Given the routine production of HCHO in cells and its toxicity at high concentrations, the potential for it to regulate human health is clear and compelling. I therefore hypothesise that endogenous HCHO is a key functional regulator in human biology and potentially one of the most important small molecules in human cells. Dysregulation of cellular HCHO levels is likely to cause disease, making HCHO a potential 'silent killer'. Modulating cellular HCHO with small molecules is also likely to have therapeutic potential, opening up new avenues for drug discovery.

HCHO's reactivity, volatility and small size make it very challenging to manipulate and study in biological systems. Consequently, HCHO's biology has been largely overlooked. In this project, I will therefore use my multidisciplinary background in organic synthesis, biochemistry, cell biology and analytical techniques to develop the first 'chemical HCHO toolkit' - this toolkit will enable the first systematic quantitative analysis of HCHO's functions in human biology.

Specific objectives are:

(1) To synthesise and validate first-in-class HCHO-releasing small molecules (FORMs) that enable controlled quantifiable release of HCHO in cells.

(2) To synthesise and validate irreversible HCHO scavengers (FOSCs) that can reduce cellular HCHO concentrations.

(3) To develop and validate the first sensitive cellular HCHO quantification methods using irreversible FOSCs coupled to NMR and GC/MS analyses.

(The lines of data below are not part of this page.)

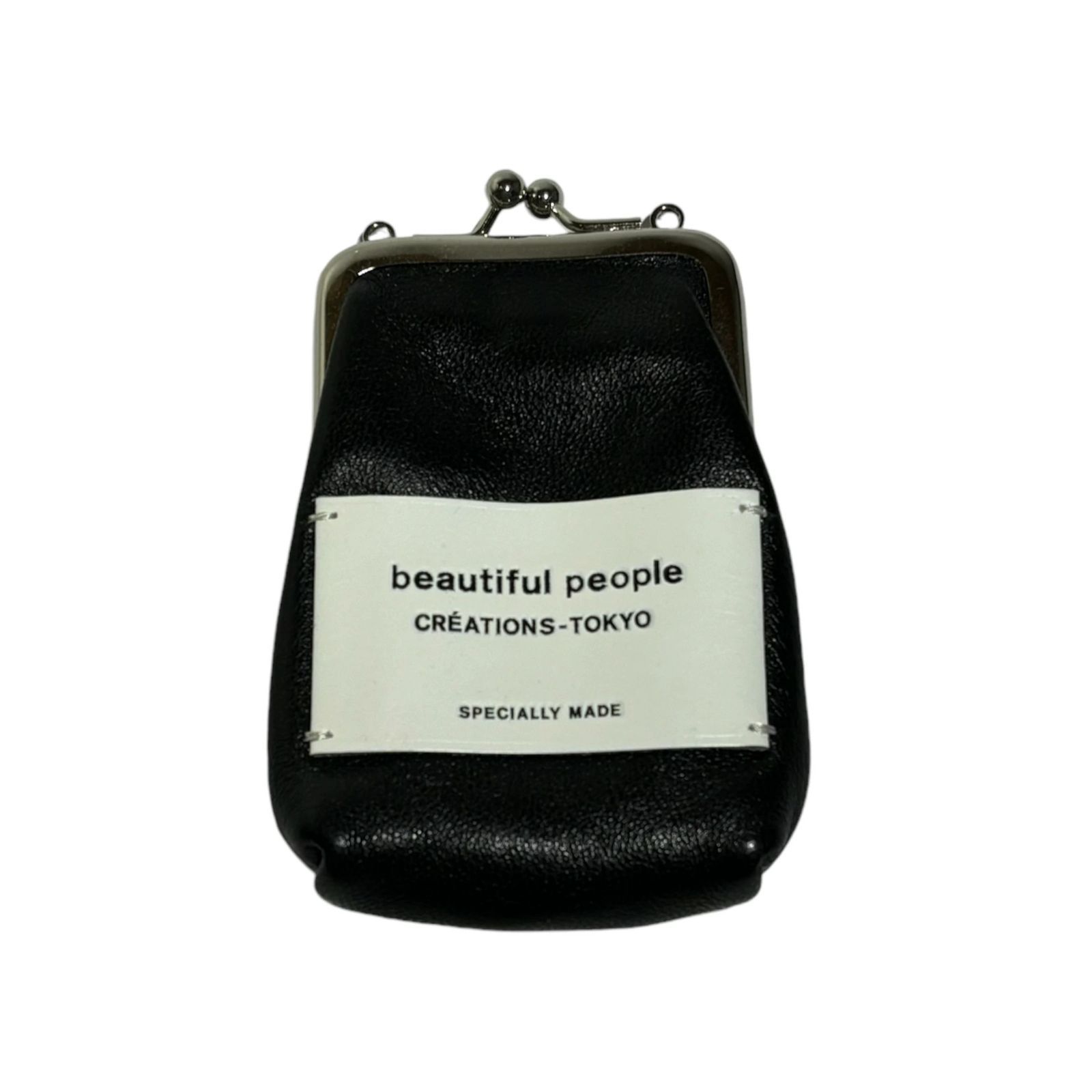 [城東81-034] beautiful people mini clasp pouch ビューティフルピープル がま口 ミニポーチ チェーン付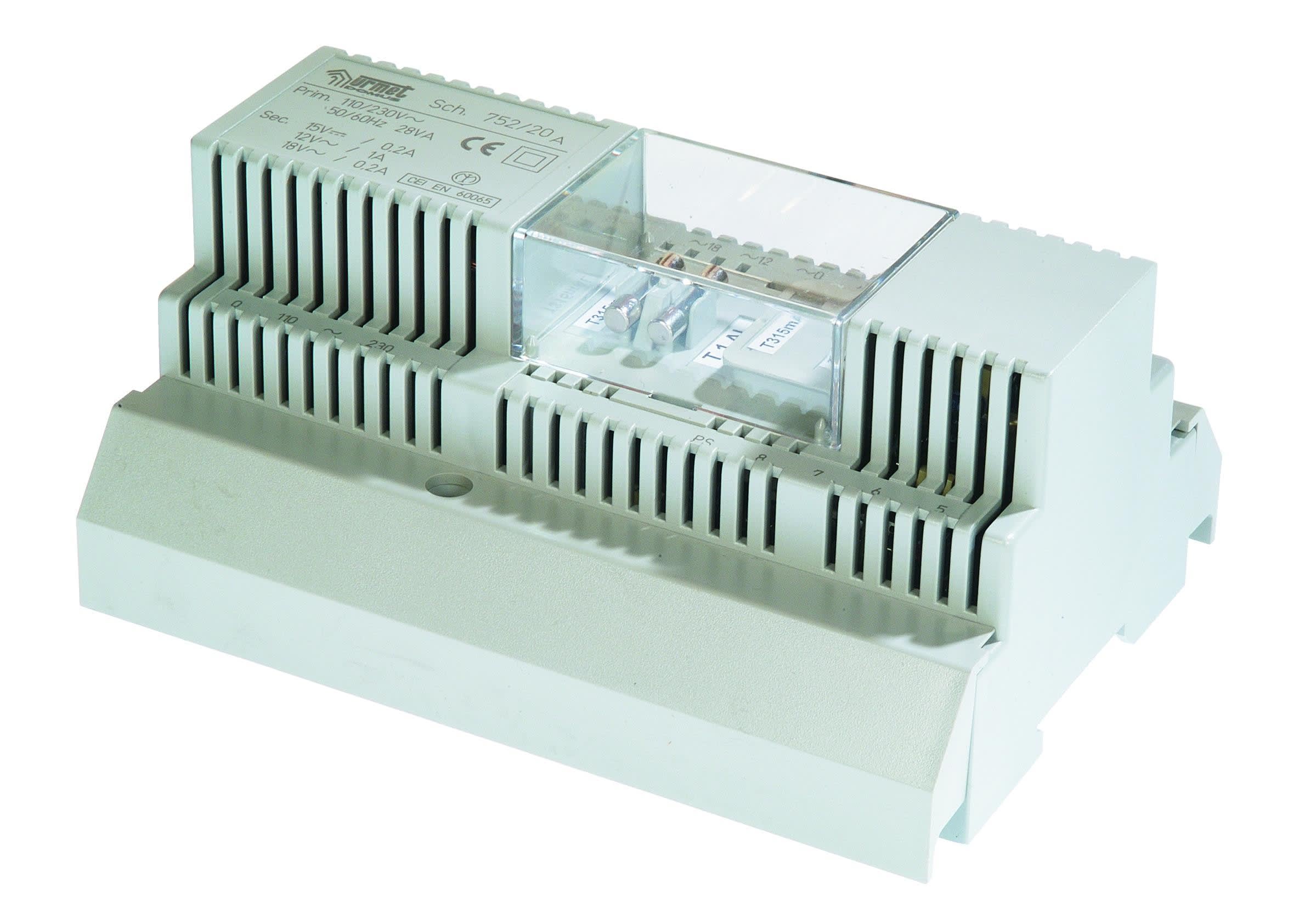 Urmet - Alimentation Bicanal 112/220V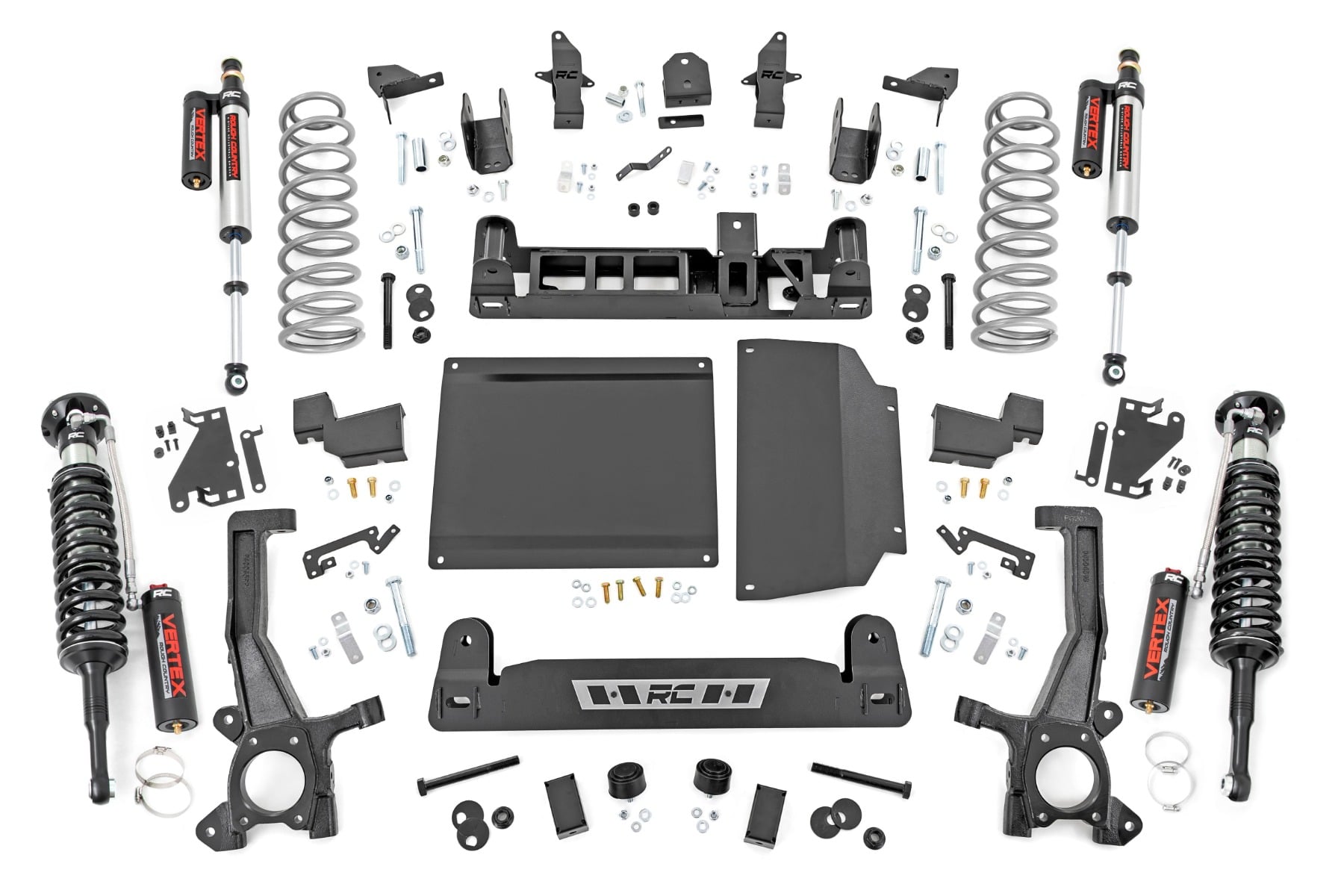 Rough Country 6-Inch Lift Kit with Vertex Shocks for 2022–2025 Toyota Tundra 4WD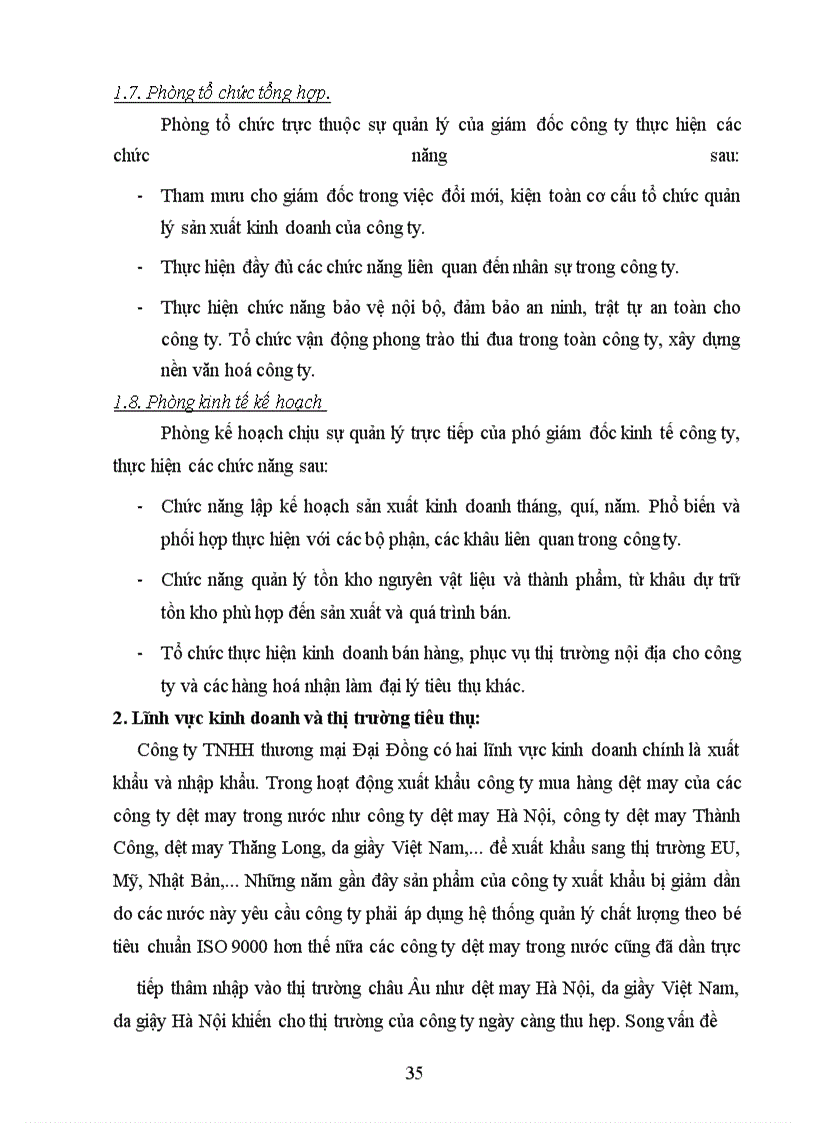 image for page Những biện pháp để duy trì và phát triển việc áp dụng hệ thống quản lý chất lượng theo ISO 9000 ỏ công ty CNHH thương mại Đại Đồng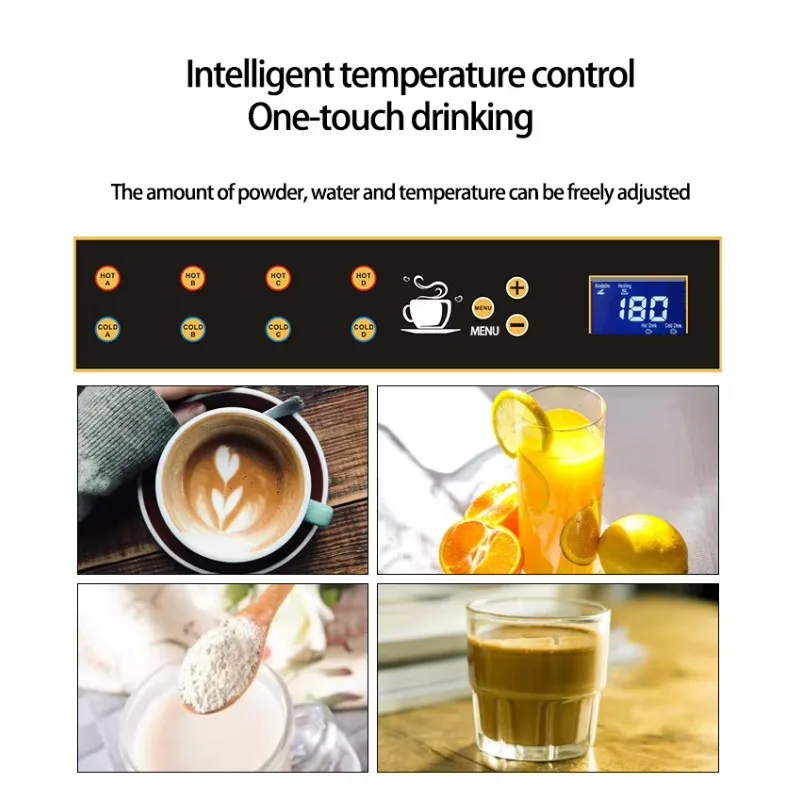 Customized Coffee Making Machine Nescafe Hot Drink Vending Equipment 4 Selections With Multiple Payment System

This pioneering toolkit will make it possible to identify reactions between HCHO and molecules in cells, to determine how HCHO levels vary in health and disease, to correlate these changes with biological phenotypes, and ultimately to validate HCHO modulation as a therapeutic strategy. These abilities are currently not possible but are essential to studying HCHO in cells. Therefore, this ambitious and timely project will provide the state-of-the-art platform technologies essential to establishing and furthering HCHO biological research in the UK and internationally. The work will also position my group at the forefront of this potentially transformative field, and will ultimately lead to new treatments for human diseases.